**COLLECTED MATERIAL**
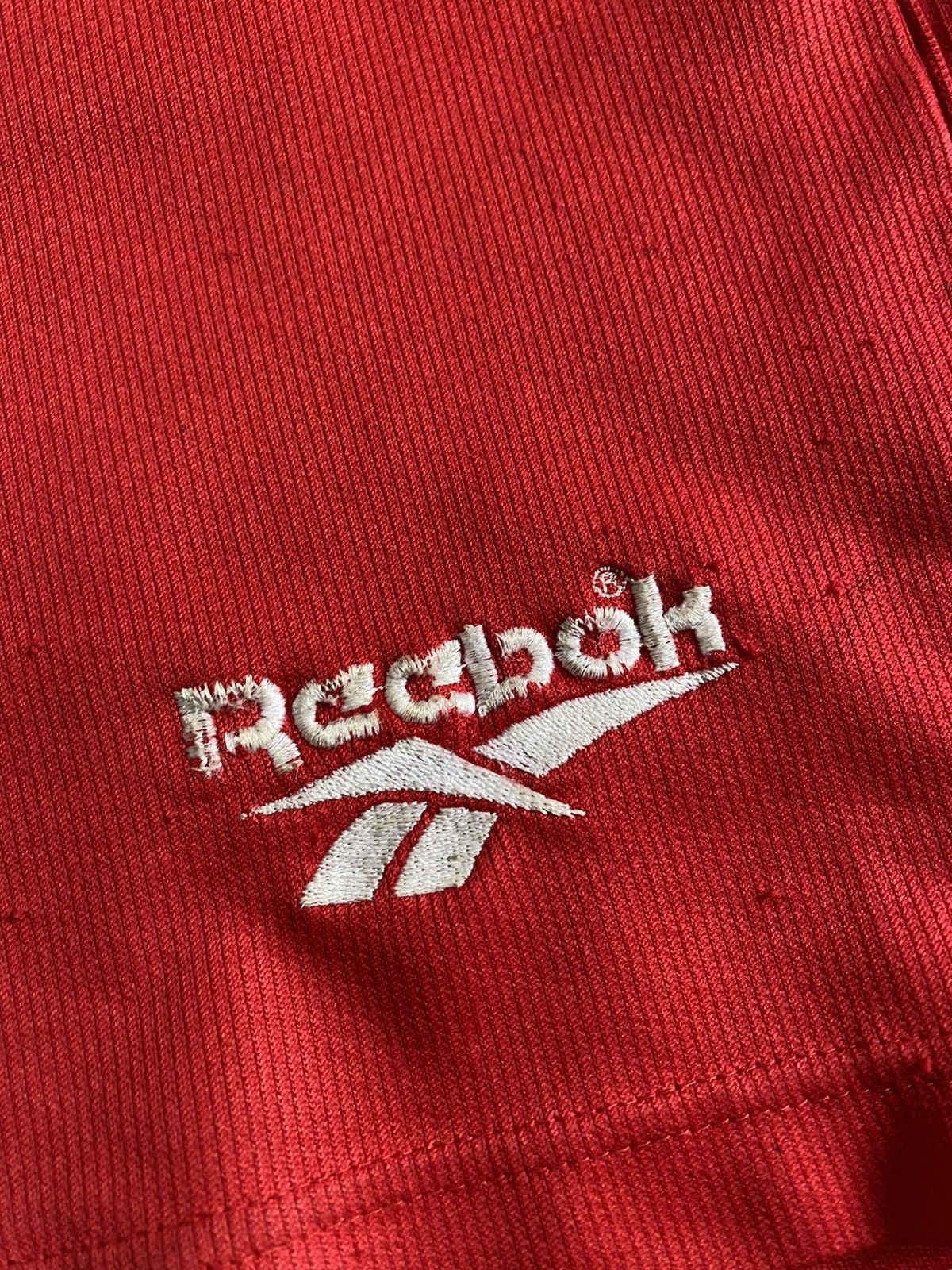 Reebok Liverpool 1996/98 Home Football Soccer Shorts Reebok Size US 32 / EU 48 - 6 Thumbnail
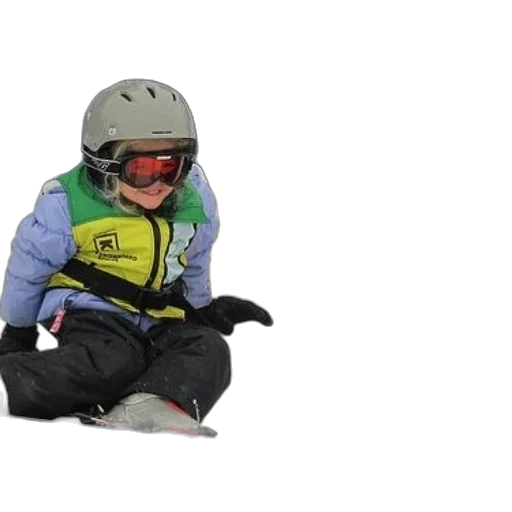 jacket, two, children, ski transparent PNG cut-out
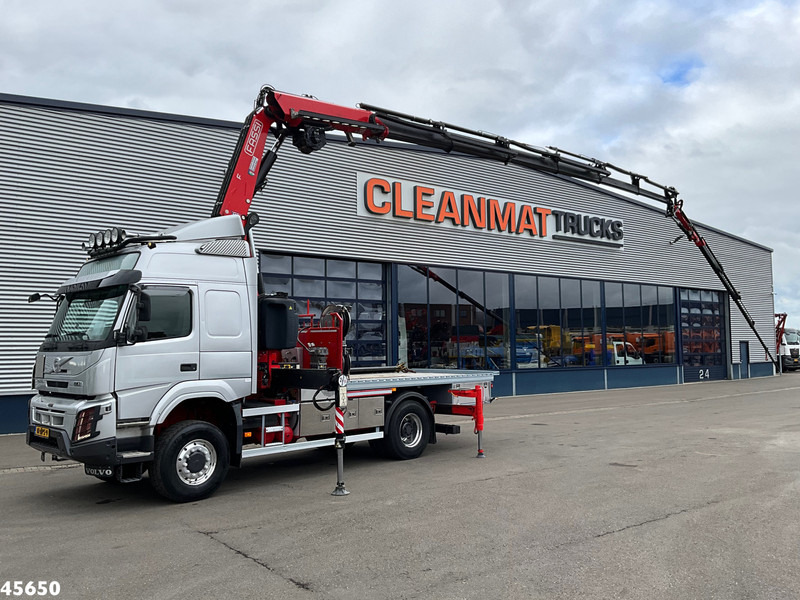 Volvo FMX 500 4x4 Fassi 31 Tonmeter laadkraan + Fly-Jib! - شاحنة كرين: صورة 1 Volvo FMX 500 4x4 Fassi 31 Tonmeter laadkraan + Fly-Jib! - شاحنة كرين: صورة 1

**ABOUT THIS EXERCISE**
The listing should be transcribed in full, exactly, and without its pictures.

**OUTPUT**
 Reebok Liverpool 1996/98 Home Football Soccer Shorts Reebok Size US 32 / EU 48 - 6 Thumbnail
 jacket, two, children, ski transparent PNG cut-out
 Volvo FMX 500 4x4 Fassi 31 Tonmeter laadkraan + Fly-Jib! - شاحنة كرين: صورة 1 Volvo FMX 500 4x4 Fassi 31 Tonmeter laadkraan + Fly-Jib! - شاحنة كرين: صورة 1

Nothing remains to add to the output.